Welcome to today’s lesson in fusion reactors, where there are startlingly few explanations in layman’s terms! Today’s topic: divertors.
A divertor is basically an exhaust system for a fusion reactor, venting both waste heat (which can melt the machine) and waste helium (transmuted from hydrogen, which dampens the reaction). All tokamaks these days are diverted, but there’s still so much left to learn!
It’s very hard to find good diagrams that aren’t too technical, so here’s that promo picture of SPARC again. I’ve circled the divertors in red:
SPARC will have two divertors, one on top and one on the bottom. That’s called a “double-null” configuration. Many tokamaks just have a lower divertor, which is called “single-null.” Each divertor has two legs, one inner and one outer. You can see that SPARC’s divertors have super long outer legs and little stubby inner legs — I’ll talk about why in a later post!
Promo pics are all well and good, but let’s look at some real photographs! I’ve been focusing too much on American tokamaks on this tumblr, so let’s move a bit farther afield. Here are some examples from overseas:
This is ASDEX-Upgrade, a tokamak in Germany. ASDEX-U has been one of the most important experiments for divertor science! It just has a lower divertor, so it always burns single-null plasma. On the right, you can see a photograph where the plasma glows brightly as it strikes the tips of the divertor legs.
This is EAST, a tokamak in China. EAST has both upper and lower divertors, so it can run in either single- or double-null mode. It currently holds the record for longest-burning plasma, where it runs for minutes at a time! On the right you can see a timelapse of a double-null plasma, where the divertors on both the top and bottom glow.
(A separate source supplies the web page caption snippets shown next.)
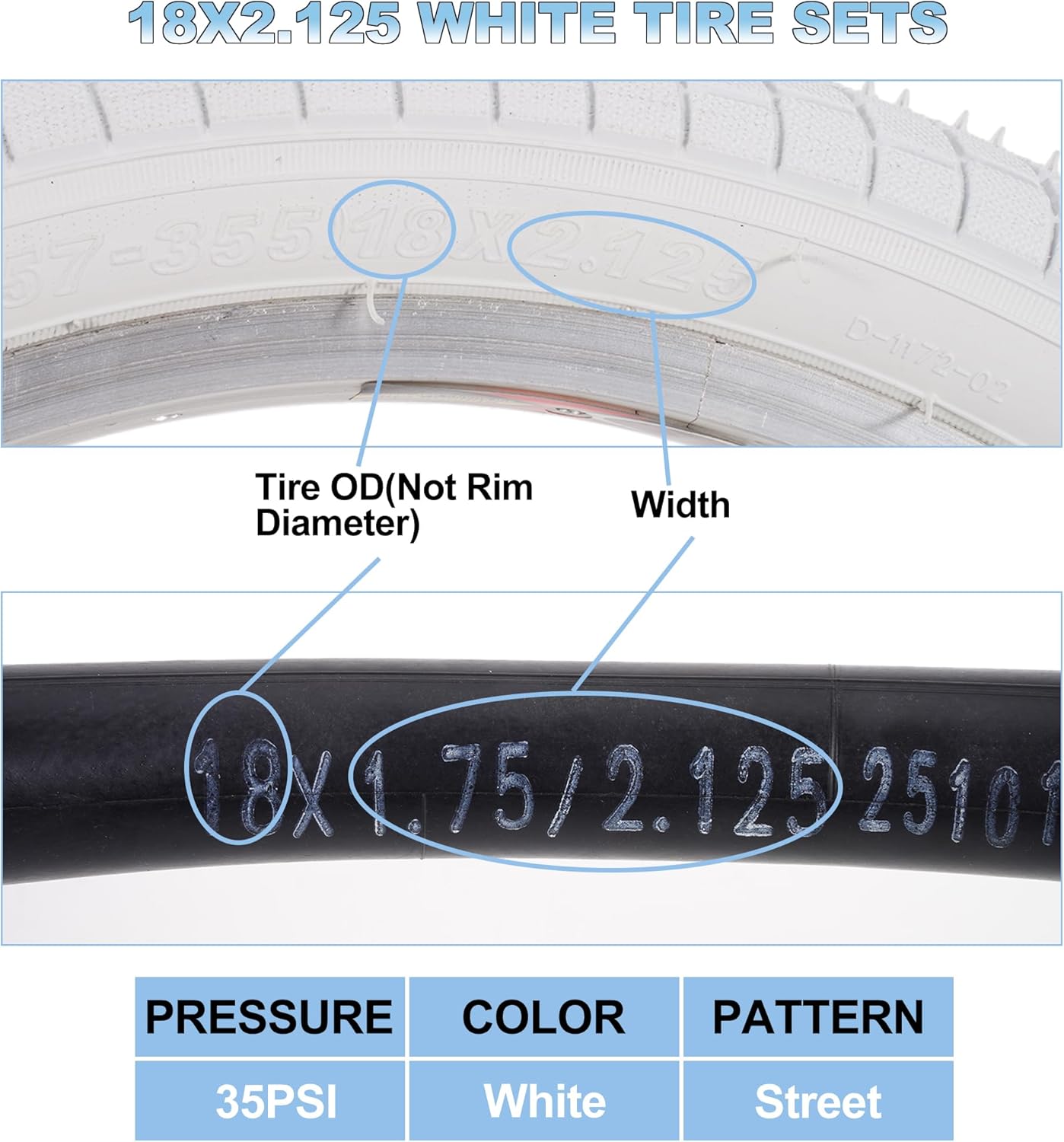 2 Sets 18 Inch Kids Bike Tire White Color, 18x2.125 Street Bike Tire and Tube Straight Stem Compatible with BMX Joystar Balance Bike Road Bicycle Folding Bike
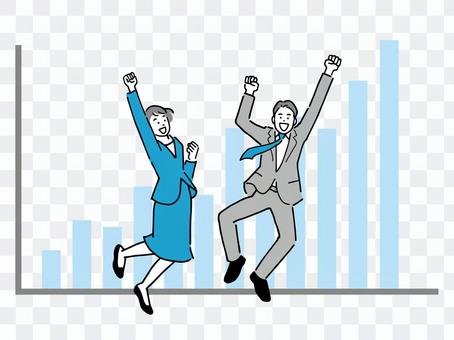 Business person who is pleased with improved business performance Business person who is pleased with improved business performance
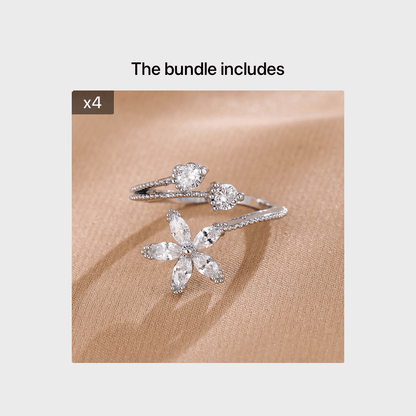 Floral-Shaped Ring Inlaid with AAA Zirconia Stones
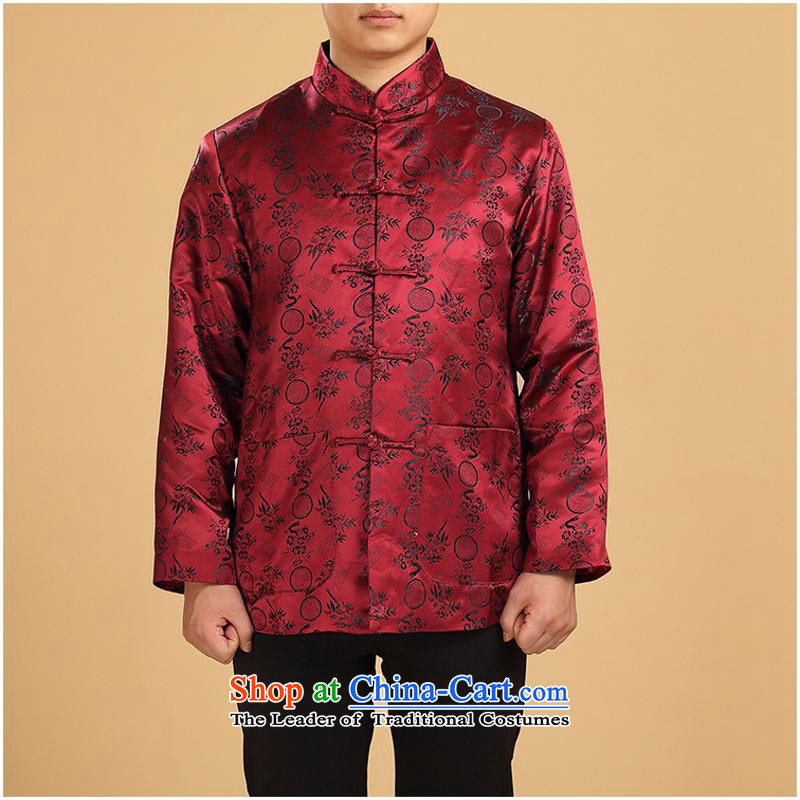 Tang Dynasty Men long-sleeved sweater Chinese elderly in the countrysides detained tray of autumn and winter clothes robe father jacket dark red single YiXL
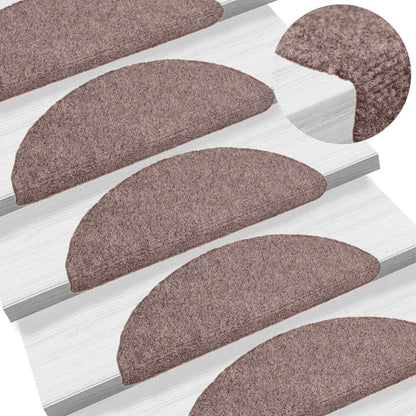Stair Mats Self-Adhesive 30 pcs 56x17x3 cm light brown Semicircular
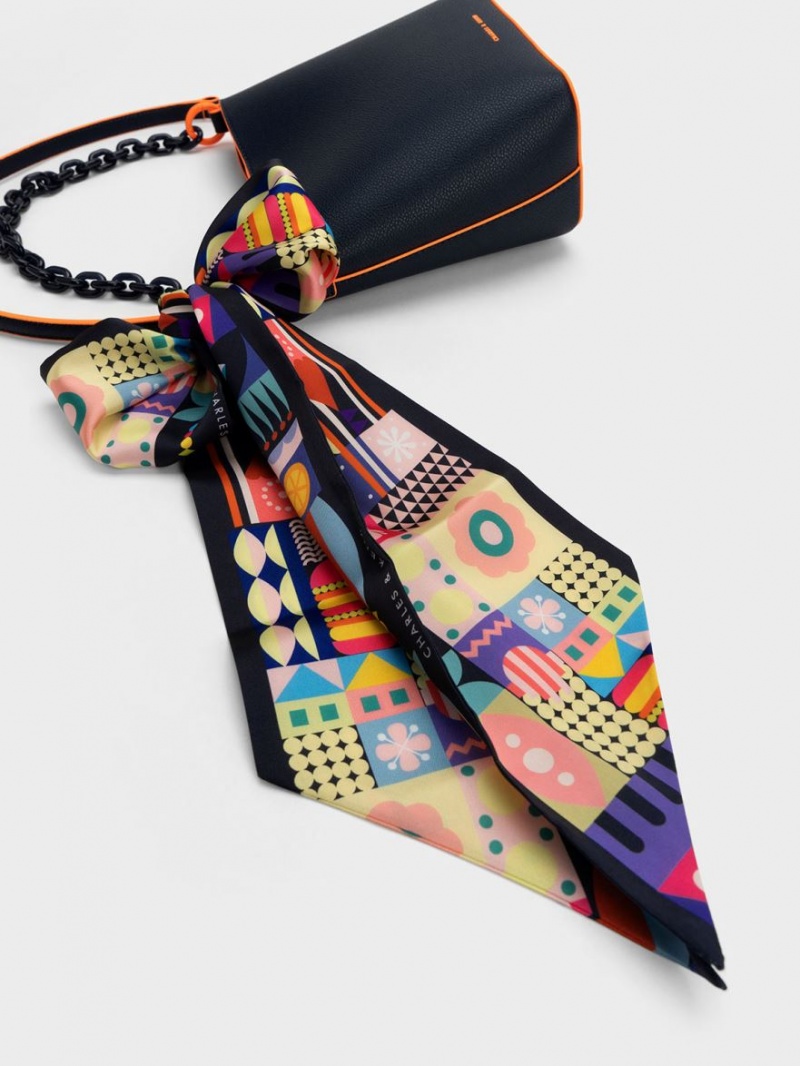 Geanta Galeata Charles & Keith Alcott Scarf Bleumarin | 198LKAJGQ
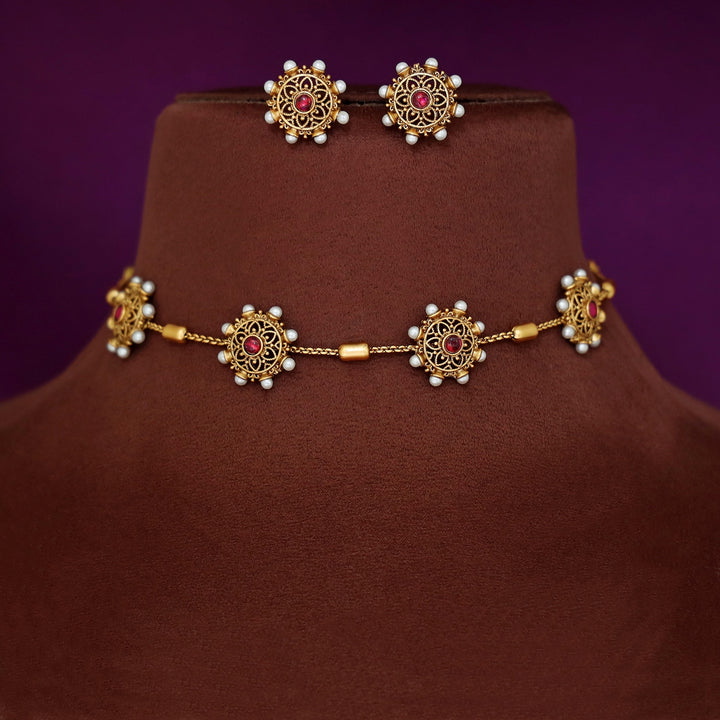 Rudvika Pearl Floral Maheera Choker with Stud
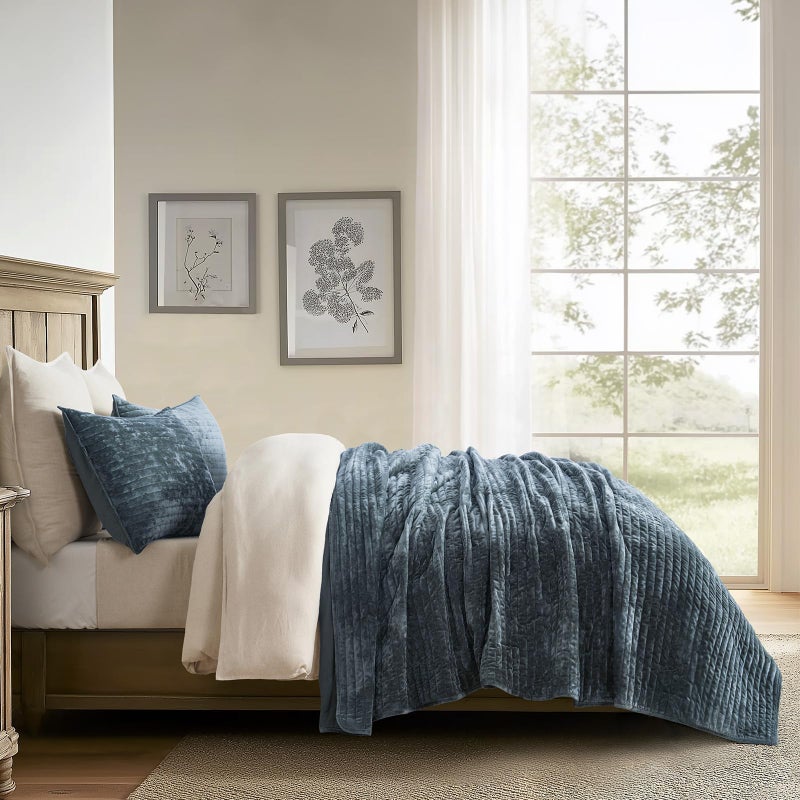 EVERGRACE Velvet Quilt Set Queen Size, Luxurious Soft Striped Channel Bedding Set, Lightweight Velvet Comforter for All Season, Oversized Bedspread Coverlet with 2 Matching Shams, Stormy Blue - Image 4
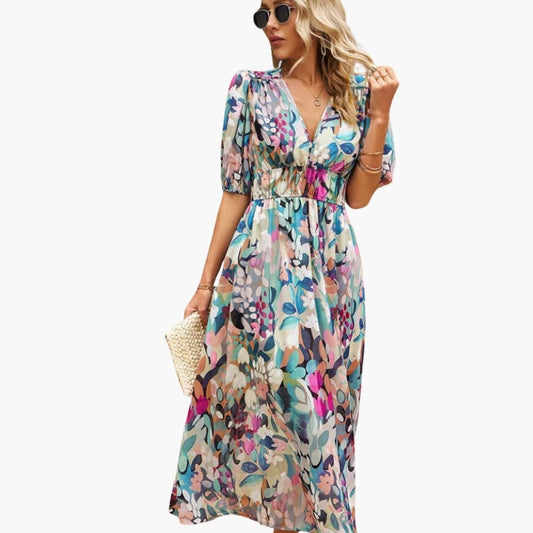 Women's Short Sleeve Midi Dress Loose Fit Printed Everyday - Fashinoza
One of the biggest challenges with divertors is heat. There are always two spots where the plasma directly strikes, and these points get hot. Very hot. Like, spacecraft reentry hot, or hotter. Building a divertor that doesn’t melt is hard. Off the top of my head, I think DIII-D in San Diego uses a graphite divertor, WEST in France is an all-tungsten machine, and JET in the UK has used tungsten and beryllium.
There’s a lot more to talk about: the “detached” and “swept” divertors at Alcator C-Mod at MIT, pros and cons of single-null and double-null, the whole deal with the long-legged SPARC divertors, and so on. I’ll cover some of that later! But for now, I leave you with one of the most baffling questions in divertor research:
Who decided to spell it “divertor” instead of “diverter?” That’s just cruel to science journalists, and doubly cruel to their editors.